BEGIN Material for the task

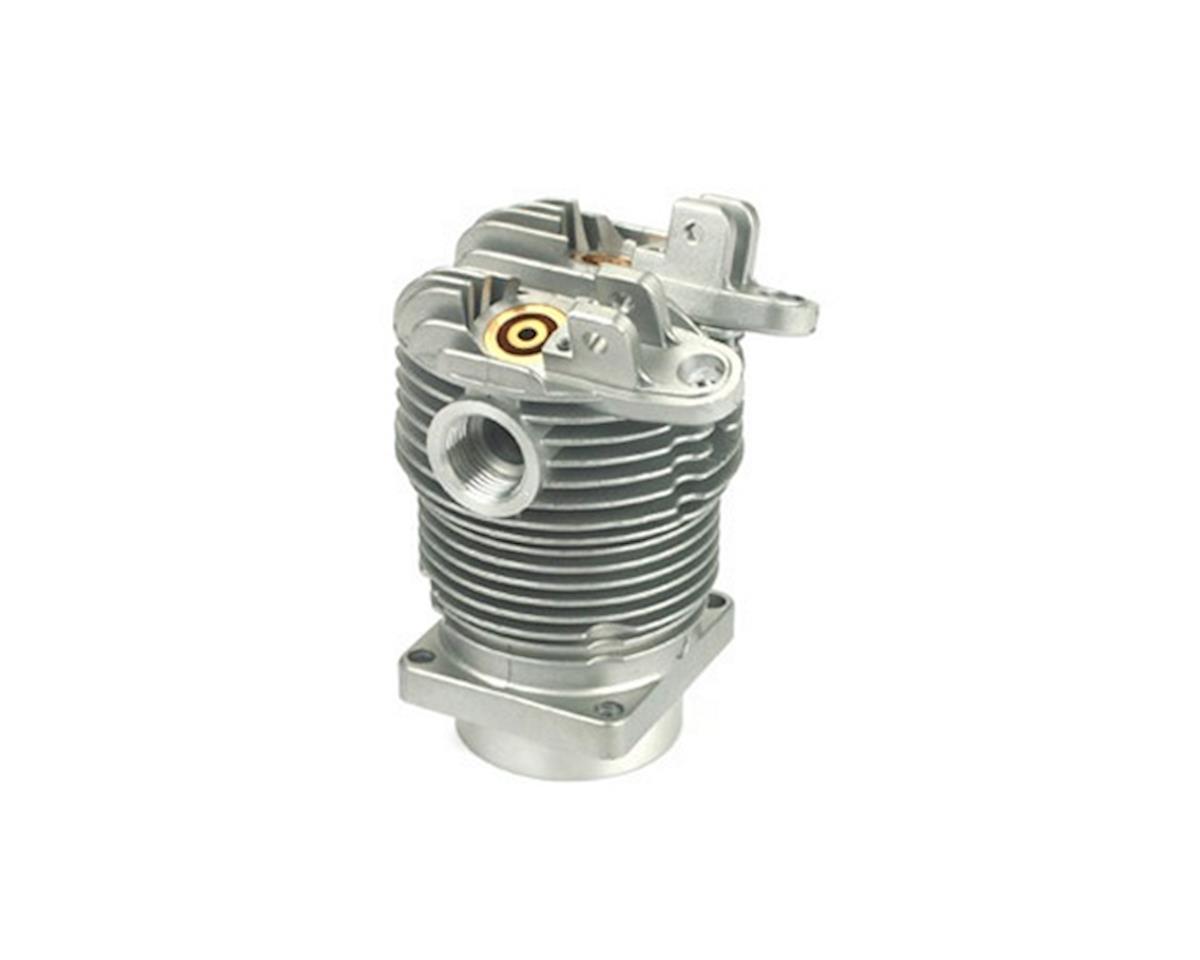 sai10001.jpg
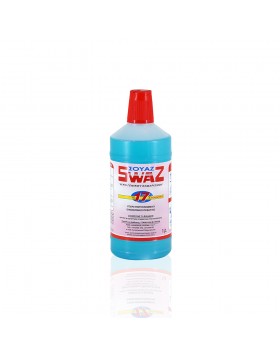 Swaz Πολυκαθαριστικό Γενικής Χρήσης 1000ml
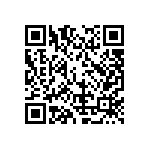 ASTMHTE-106-250MHZ-XJ-E-T3 QRCode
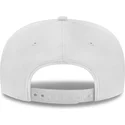siltovka-zaoblena-biely-snapback-9fifty-stretch-snap-shadow-tech-ryder-cup-new-era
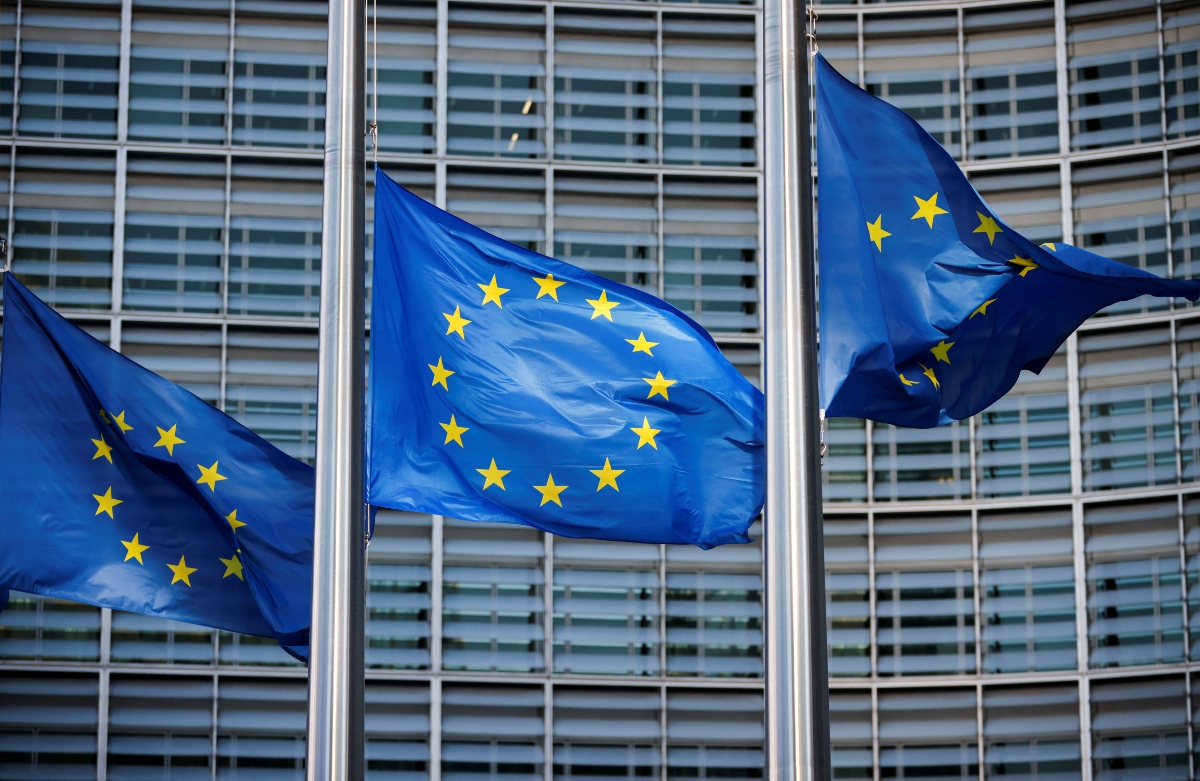 Ε.Ε.: Σαφή μηνύματα στην Άγκυρα για το Κυπριακό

END Material for the task

| Exercise |
In your reply, every line of the material should appear exactly as written, and no picture should.

| Exercise output |
 sai10001.jpg
 Swaz Πολυκαθαριστικό Γενικής Χρήσης 1000ml
 ASTMHTE-106-250MHZ-XJ-E-T3 QRCode
siltovka-zaoblena-biely-snapback-9fifty-stretch-snap-shadow-tech-ryder-cup-new-era
 Ε.Ε.: Σαφή μηνύματα στην Άγκυρα για το Κυπριακό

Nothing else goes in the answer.